本作には、大槻ケンヂ原作の映画『ヌイグルマーZ』の劇中歌「シネマタイズ(映画化)」をはじめ、大槻ケンヂとNARASAKIが楽曲提供を行ったTVアニメ『監獄学園』のオープニングテーマ「愛のプリズン」をセルフカバーした"特撮ver."のほか、新曲9曲を含む全12曲が収録される。

そこで今回は、ニューアルバム「ウインカー」の発売にあたり、今年50歳を迎えるボーカルの大槻ケンヂが語った本作の魅力を紹介しよう。

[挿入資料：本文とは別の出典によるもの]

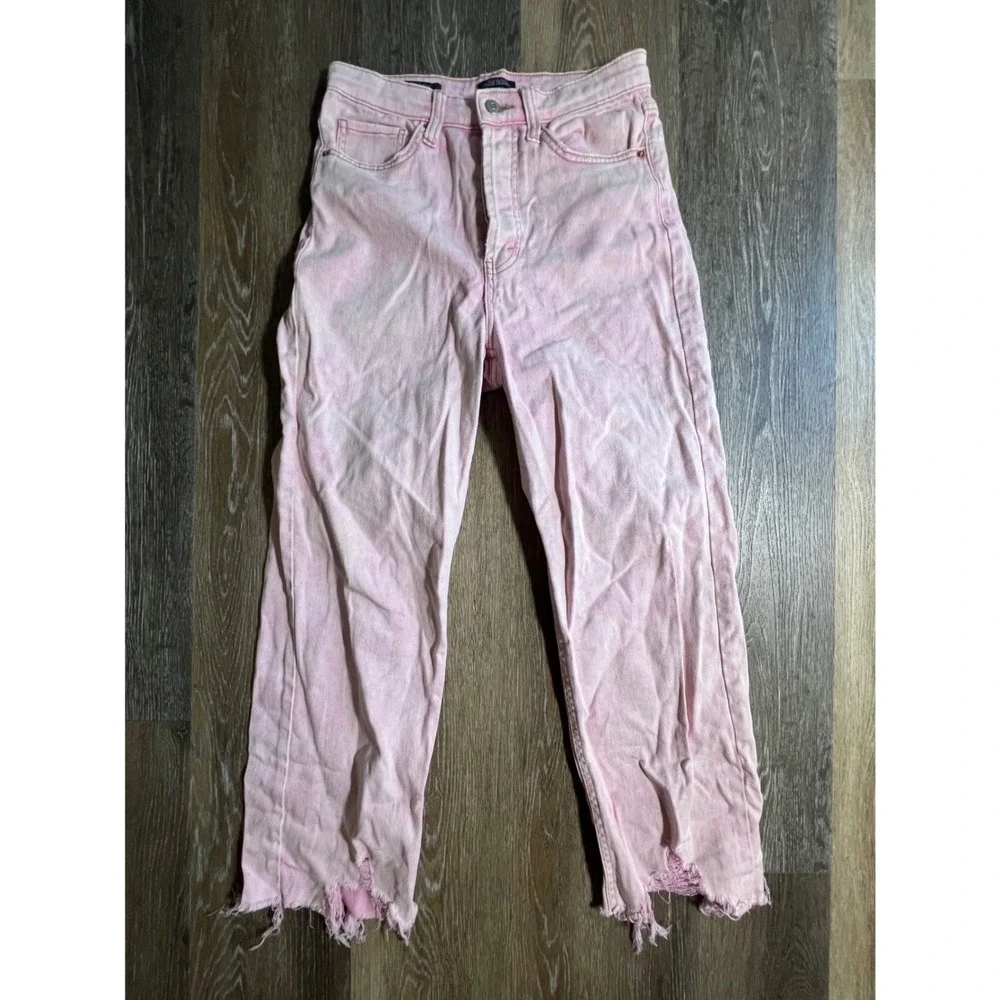 Wild‎ Fable Straight Leg Jeans Womens 4 Pink Good Distressed High Rise Acid Wash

大槻ケンヂが語る"特撮"ニューアルバム「ウインカー」

――今回のアルバム「ウインカー」はどのようなコンセプトで制作されたのでしょうか?

大槻ケンヂ

大槻ケンヂ「コンセプトというのはだいたい後付けの場合が多く、『こんなアルバムを作ろう!』といって作ることはあまりないです。"特撮"はメンバーが複数のバンドをやっていたりしてみんな忙しいので、なかなかアルバムを作る機会がない。それが今回、ちょうど全員のタイミングがあったので、じゃあアルバム作れるねと」

――どのような曲を作ろうといった話し合いなどはあったのですか?

大槻「最初ナッキー(NARASAKI)がバンド感を出したいと言うので、セッション的なことをしてみました。打ち込みで作ってくるというよりも、そうやってみんなであわせて作る、みたいなことが多かったです」

――セッションをとおして曲のイメージを作っていくわけですね

大槻「セッション的なことがメインになりましたが、その前に簡単な打ち込みで作った曲もナッキーが何曲か持って来ていたんですけど、それはラウドなサウンドと言うよりは、ちょっとドライビングミュージックっぽい感じだったので、今回はそういう方向なのかなって思っていました。もちろん作っていくうえで、ラウドな部分、ハードな部分、パンクな部分も加味されていき、最終的にはいわゆるドライビングミュージックとは離れたアルバムになりましたが、本当のプロトタイプな部分では、わりとFM感があった。ただそれは、ちょうどその頃に、僕が10年ぶりに車を購入して、ドライブに行ったりしていたので、そういう風に聴こえたのかもしれません」

――そのあたりが今回のアルバムタイトルである「ウインカー」にもつながっているのでしょうか?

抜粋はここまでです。